Il 12% dei contribuenti versa circa il 57% dell’Irpef complessiva, un 12% composto da contribuenti che dichiarano redditi dai 35.000 ai 300.000 euro annui. «Ma la rivendicazione di categoria che rappresentiamo è solo la cartina di tornasole di un sistema che non regge più e il cui malfunzionamento, dimostrato ancora una volta da Itinerari previdenziali, mina alla base lo Stato sociale che conosciamo e che l’Italia ha costruito un pezzo alla volta, dal Dopoguerra ai giorni nostri. Come è possibile, infatti, che i circa 300.000 dirigenti (pubblici e privati) che rappresentiamo e che percepiscono una retribuzione netta compresa tra i 3.000 ed i 5.000 euro al mese, siano la maggioranza dei contribuenti appartenenti alle classi di reddito più elevate, quando consultando i documenti dell’Aci, dell’Agenzia delle Entrate e del Registro navale si evince che le autovetture di grossa cilindrata, cioè oltre i 2.500 cc, sono quasi 1,5 milioni, che almeno 1 milione di italiani soggiorna ogni anno negli alberghi a 5 stelle e di lusso, che le abitazioni di pregio, cioè ville e villini, iscritte nei registri catastali superano i 2 milioni, che nelle capitanerie di porto risultano iscritte 80.000 imbarcazioni di almeno 10 metri di lunghezza. E l’elenco potrebbe continuare se ci soffermassimo sul divario fra gli indici del tenore di vita ed i dati del fisco», conclude Ambrogioni.
«Quella che emerge dalla quinta indagine sull’Irpef di Itinerari Previdenziali – ha detto Alberto Brambilla, presidente del Centro Studi e Ricerche Itinerari Previdenziali – è una fotografia da Paese rassegnato, e non certo del rango G7, che sta mettendo in particolar modo alla prova la cosiddetta classe media, spesso costretta a pagare più tasse per sopperire alla massa che non le paga. D’altra parte, le dichiarazioni dei redditi ai fini Irpef presentate lo scorso anno sottolineano il perdurare di una situazione di criticità nell’impianto fiscale italiano, imputabili ad almeno due ragioni: la prima è da individuare nel sistema che, lungi dal far emergere i redditi, sembra piuttosto incentivare a dichiarare il meno possibile, così da poter usufruire delle agevolazioni fiscali e dei benefici collegati al reddito, che Stato, Regioni ed Enti locali erogano di fatto sulla base di quanto si dichiara, spesso tramite un Isee facilmente aggirabile, e in assenza di una banca dati nazionale dell’assistenza; la seconda, invece, nella somma di alte aliquote fiscali sui redditi con doppia progressività che, abbinate ad alte imposte indirette, in primis l’Iva, incentivano a pagare in modo irregolare».

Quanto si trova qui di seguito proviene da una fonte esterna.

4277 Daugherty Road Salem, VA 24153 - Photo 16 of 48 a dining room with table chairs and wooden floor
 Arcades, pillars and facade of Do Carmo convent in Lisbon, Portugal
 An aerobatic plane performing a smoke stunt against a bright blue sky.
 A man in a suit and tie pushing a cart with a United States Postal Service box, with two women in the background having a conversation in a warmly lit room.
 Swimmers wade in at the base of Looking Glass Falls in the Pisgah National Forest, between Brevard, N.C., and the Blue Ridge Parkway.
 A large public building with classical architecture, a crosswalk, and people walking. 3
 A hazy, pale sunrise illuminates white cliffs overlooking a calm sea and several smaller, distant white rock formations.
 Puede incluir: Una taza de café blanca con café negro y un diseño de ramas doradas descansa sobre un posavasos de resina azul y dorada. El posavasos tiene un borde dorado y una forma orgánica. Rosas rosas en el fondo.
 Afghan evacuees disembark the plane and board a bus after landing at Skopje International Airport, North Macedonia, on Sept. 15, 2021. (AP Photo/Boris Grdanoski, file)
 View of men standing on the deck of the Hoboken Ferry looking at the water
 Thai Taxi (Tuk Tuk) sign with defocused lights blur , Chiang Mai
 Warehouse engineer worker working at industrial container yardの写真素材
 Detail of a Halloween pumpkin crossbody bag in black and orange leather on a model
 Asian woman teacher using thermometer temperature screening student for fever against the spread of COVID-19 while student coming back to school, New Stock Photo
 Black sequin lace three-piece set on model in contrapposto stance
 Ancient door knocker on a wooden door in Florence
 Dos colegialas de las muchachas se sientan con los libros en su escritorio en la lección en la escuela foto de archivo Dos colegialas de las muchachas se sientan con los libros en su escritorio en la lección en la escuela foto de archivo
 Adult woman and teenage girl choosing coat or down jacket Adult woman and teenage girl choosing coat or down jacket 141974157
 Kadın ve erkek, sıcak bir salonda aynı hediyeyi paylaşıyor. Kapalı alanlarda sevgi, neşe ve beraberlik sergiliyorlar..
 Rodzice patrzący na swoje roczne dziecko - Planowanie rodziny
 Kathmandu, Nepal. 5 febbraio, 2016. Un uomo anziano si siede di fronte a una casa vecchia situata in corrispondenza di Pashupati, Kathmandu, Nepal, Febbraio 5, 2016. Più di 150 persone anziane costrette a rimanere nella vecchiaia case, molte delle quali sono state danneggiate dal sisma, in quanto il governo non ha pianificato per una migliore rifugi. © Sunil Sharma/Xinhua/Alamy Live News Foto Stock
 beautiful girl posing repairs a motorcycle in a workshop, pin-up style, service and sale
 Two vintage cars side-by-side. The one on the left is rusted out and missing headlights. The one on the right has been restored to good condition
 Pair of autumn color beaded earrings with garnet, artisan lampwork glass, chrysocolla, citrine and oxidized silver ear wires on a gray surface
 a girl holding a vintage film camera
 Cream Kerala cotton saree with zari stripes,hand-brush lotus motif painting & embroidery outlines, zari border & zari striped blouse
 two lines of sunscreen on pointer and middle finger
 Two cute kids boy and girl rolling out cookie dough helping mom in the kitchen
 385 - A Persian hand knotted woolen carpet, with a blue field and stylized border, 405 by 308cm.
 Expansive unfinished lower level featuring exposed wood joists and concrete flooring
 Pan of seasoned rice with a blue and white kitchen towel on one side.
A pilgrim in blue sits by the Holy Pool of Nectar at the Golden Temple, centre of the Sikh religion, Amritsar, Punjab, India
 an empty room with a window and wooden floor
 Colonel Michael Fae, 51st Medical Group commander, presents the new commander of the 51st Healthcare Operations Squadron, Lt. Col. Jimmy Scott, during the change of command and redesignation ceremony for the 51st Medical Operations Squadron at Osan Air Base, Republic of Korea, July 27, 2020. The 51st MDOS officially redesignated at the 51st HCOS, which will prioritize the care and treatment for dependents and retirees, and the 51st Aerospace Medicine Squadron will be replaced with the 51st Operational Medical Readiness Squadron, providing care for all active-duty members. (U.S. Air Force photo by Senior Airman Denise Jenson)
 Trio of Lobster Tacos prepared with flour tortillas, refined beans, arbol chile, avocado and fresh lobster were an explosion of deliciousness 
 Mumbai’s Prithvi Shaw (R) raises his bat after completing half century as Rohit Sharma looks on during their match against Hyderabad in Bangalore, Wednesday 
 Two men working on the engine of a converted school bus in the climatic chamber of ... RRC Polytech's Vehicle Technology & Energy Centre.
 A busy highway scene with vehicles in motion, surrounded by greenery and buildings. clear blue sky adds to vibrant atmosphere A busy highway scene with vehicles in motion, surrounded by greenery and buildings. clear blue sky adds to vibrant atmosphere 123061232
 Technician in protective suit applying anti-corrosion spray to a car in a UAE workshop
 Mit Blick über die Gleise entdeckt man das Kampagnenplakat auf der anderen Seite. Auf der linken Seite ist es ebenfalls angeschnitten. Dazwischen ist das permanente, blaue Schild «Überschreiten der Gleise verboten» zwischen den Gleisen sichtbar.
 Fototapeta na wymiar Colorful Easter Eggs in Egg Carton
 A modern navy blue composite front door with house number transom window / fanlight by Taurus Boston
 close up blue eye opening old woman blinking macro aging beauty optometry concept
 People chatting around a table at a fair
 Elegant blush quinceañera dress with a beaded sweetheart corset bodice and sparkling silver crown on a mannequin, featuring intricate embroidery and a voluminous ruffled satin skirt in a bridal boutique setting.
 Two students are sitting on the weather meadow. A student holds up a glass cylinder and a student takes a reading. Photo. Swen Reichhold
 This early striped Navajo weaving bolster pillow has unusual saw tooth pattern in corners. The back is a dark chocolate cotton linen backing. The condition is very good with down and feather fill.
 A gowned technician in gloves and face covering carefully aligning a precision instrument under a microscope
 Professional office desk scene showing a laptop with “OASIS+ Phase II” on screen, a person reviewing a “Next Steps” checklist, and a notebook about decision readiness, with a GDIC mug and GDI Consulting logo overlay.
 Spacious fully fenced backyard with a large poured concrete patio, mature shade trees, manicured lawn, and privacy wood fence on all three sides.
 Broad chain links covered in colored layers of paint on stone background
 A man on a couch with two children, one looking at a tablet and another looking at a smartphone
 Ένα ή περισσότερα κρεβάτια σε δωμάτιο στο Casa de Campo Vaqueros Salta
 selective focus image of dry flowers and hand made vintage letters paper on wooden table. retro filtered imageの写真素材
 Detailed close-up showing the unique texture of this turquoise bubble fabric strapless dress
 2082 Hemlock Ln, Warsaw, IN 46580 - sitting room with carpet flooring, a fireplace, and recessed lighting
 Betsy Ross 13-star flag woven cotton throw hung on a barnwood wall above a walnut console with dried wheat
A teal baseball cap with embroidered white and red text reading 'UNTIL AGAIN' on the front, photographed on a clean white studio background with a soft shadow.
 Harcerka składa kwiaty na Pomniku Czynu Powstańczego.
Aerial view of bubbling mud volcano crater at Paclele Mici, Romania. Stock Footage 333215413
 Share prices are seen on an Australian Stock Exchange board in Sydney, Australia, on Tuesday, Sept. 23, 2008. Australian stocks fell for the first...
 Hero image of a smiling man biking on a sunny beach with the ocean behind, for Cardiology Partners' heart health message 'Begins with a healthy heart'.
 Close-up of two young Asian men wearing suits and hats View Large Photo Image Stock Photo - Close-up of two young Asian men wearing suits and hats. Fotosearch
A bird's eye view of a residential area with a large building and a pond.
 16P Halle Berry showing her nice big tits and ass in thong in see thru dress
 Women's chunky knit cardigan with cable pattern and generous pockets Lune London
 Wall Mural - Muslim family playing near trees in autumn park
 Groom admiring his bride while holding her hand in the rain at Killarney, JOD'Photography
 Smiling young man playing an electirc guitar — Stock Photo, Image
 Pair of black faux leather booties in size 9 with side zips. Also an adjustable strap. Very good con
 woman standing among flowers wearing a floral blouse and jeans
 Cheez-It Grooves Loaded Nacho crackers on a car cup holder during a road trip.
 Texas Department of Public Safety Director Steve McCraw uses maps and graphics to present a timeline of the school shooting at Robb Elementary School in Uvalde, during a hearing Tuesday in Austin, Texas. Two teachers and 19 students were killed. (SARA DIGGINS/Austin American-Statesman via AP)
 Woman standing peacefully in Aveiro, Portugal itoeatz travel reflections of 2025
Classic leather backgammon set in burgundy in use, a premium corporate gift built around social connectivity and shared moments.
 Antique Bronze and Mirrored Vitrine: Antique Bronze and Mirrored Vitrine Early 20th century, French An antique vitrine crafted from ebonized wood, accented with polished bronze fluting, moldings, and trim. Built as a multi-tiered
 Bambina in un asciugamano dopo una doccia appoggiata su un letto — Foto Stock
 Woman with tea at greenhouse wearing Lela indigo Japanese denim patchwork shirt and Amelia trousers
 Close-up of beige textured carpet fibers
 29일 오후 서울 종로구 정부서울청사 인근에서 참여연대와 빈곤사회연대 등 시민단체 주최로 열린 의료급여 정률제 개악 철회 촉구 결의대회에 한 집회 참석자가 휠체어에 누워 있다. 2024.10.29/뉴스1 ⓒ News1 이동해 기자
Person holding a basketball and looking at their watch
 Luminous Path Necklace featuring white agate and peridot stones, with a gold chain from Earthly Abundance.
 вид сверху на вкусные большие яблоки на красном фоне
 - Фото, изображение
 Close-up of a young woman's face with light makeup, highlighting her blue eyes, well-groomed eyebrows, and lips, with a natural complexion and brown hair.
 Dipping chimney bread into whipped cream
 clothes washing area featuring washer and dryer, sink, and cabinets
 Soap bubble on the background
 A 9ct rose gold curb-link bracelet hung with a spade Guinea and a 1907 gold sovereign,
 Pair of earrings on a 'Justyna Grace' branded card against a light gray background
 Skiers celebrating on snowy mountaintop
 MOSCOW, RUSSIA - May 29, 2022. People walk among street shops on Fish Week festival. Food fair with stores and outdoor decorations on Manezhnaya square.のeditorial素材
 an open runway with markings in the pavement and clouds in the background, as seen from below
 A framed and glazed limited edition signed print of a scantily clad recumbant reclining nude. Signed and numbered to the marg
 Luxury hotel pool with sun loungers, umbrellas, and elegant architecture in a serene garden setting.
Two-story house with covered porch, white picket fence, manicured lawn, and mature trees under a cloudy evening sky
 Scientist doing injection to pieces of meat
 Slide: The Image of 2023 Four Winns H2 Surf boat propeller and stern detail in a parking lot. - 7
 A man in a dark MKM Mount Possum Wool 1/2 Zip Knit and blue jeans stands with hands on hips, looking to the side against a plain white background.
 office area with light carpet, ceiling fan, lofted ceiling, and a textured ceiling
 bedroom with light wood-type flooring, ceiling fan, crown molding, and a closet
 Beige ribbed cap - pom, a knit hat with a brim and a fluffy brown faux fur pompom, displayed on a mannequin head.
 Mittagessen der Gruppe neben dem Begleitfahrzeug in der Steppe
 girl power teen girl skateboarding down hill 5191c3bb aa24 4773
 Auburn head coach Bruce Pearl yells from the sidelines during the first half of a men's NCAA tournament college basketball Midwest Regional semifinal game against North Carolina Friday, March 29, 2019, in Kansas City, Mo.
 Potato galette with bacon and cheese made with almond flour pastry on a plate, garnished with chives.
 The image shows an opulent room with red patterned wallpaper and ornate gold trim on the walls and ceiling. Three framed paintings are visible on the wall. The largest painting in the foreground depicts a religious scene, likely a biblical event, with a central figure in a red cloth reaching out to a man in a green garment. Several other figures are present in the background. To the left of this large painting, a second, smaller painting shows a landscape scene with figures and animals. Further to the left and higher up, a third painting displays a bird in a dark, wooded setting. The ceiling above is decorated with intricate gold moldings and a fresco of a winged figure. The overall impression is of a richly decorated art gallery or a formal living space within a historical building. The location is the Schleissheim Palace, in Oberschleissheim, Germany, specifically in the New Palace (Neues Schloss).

Secondo Brambilla «se si vuole mantenere un welfare che possa garantire anche in futuro la coesione sociale e la copertura dei più deboli è fondamentale allora affiancare a un serrato controllo della spesa assistenziale anche un accorto monitoraggio delle entrate fiscali e segnatamente dell’Irpef. E, ancor di più, investire le poche risorse disponibili in ricerca, sviluppo e sostegno all’occupazione».